| WHAT TO PRODUCE |
Output the listing below exactly, minus its images.

PROVIDED DATA: Begin

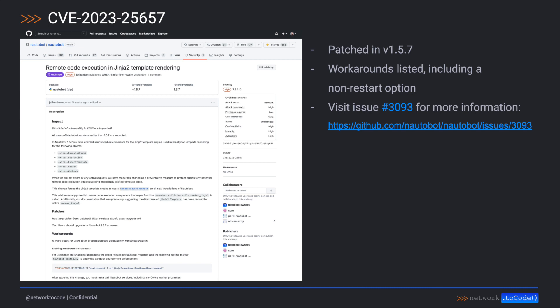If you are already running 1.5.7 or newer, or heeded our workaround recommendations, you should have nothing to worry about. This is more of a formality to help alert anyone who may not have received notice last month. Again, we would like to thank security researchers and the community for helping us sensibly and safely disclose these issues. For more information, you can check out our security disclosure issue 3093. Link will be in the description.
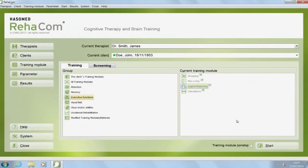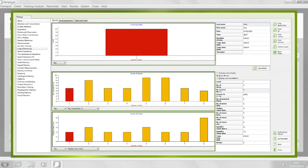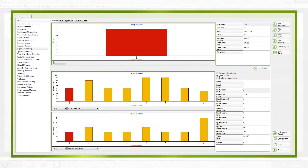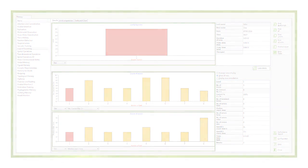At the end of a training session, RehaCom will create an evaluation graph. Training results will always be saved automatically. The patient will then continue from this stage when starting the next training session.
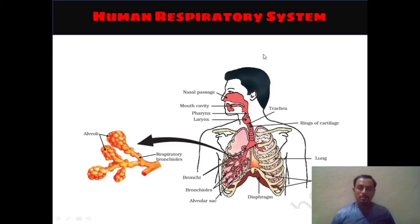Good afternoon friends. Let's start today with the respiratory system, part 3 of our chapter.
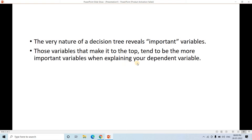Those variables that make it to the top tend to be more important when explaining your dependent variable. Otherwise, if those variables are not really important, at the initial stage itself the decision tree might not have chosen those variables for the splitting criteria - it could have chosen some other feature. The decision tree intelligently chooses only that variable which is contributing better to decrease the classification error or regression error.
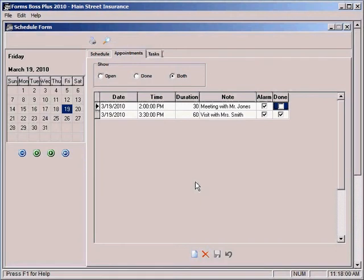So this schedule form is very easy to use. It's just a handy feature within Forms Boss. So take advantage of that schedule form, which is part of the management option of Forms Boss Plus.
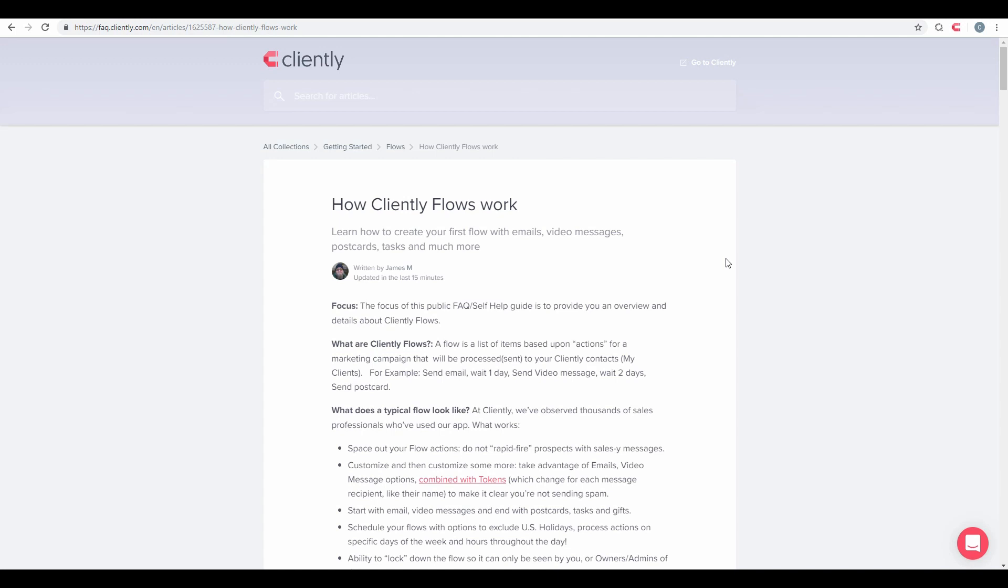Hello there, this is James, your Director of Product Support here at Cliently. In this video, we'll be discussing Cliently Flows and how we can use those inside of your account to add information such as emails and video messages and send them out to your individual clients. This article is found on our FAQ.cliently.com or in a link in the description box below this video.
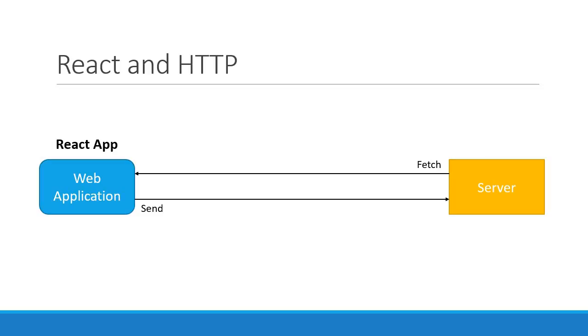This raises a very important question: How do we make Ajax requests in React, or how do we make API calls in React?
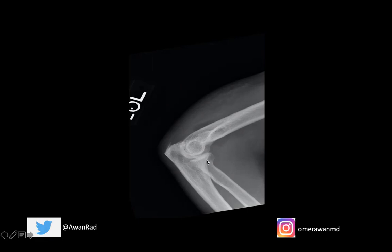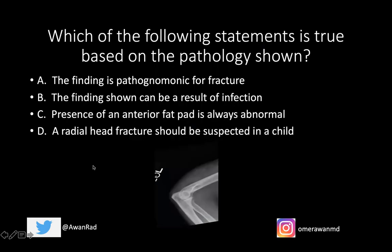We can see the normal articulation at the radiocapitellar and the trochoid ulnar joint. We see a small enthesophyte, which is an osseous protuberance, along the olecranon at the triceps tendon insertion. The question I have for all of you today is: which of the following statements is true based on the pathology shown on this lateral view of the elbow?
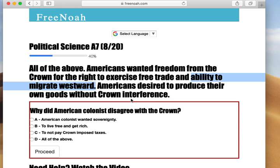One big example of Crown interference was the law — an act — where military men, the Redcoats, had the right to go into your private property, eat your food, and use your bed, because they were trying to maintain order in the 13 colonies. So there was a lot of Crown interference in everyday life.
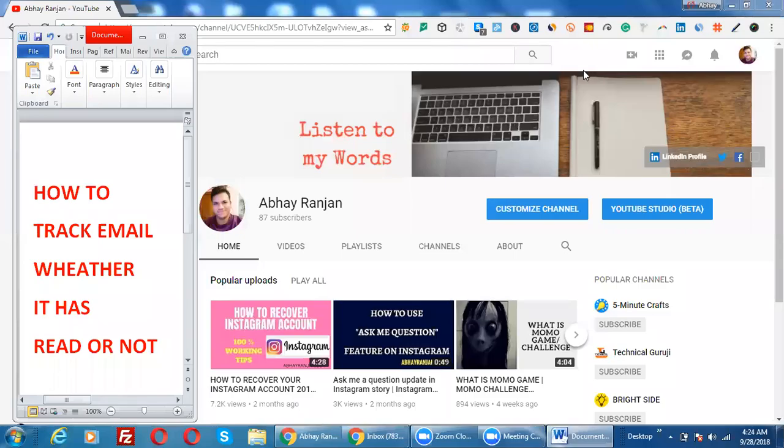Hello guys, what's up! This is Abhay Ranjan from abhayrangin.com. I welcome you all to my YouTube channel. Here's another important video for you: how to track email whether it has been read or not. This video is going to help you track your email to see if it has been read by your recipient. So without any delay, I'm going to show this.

PROVIDED DATA: End

| TASK RESULT |
If you are already running 1.5.7 or newer, or heeded our workaround recommendations, you should have nothing to worry about. This is more of a formality to help alert anyone who may not have received notice last month. Again, we would like to thank security researchers and the community for helping us sensibly and safely disclose these issues. For more information, you can check out our security disclosure issue 3093. Link will be in the description.
At the end of a training session, RehaCom will create an evaluation graph. Training results will always be saved automatically. The patient will then continue from this stage when starting the next training session.
Good afternoon friends. Let's start today with the respiratory system, part 3 of our chapter.
Those variables that make it to the top tend to be more important when explaining your dependent variable. Otherwise, if those variables are not really important, at the initial stage itself the decision tree might not have chosen those variables for the splitting criteria - it could have chosen some other feature. The decision tree intelligently chooses only that variable which is contributing better to decrease the classification error or regression error.
So this schedule form is very easy to use. It's just a handy feature within Forms Boss. So take advantage of that schedule form, which is part of the management option of Forms Boss Plus.
Hello there, this is James, your Director of Product Support here at Cliently. In this video, we'll be discussing Cliently Flows and how we can use those inside of your account to add information such as emails and video messages and send them out to your individual clients. This article is found on our FAQ.cliently.com or in a link in the description box below this video.
This raises a very important question: How do we make Ajax requests in React, or how do we make API calls in React?
We can see the normal articulation at the radiocapitellar and the trochoid ulnar joint. We see a small enthesophyte, which is an osseous protuberance, along the olecranon at the triceps tendon insertion. The question I have for all of you today is: which of the following statements is true based on the pathology shown on this lateral view of the elbow?
One big example of Crown interference was the law — an act — where military men, the Redcoats, had the right to go into your private property, eat your food, and use your bed, because they were trying to maintain order in the 13 colonies. So there was a lot of Crown interference in everyday life.
Hello guys, what's up! This is Abhay Ranjan from abhayrangin.com. I welcome you all to my YouTube channel. Here's another important video for you: how to track email whether it has been read or not. This video is going to help you track your email to see if it has been read by your recipient. So without any delay, I'm going to show this.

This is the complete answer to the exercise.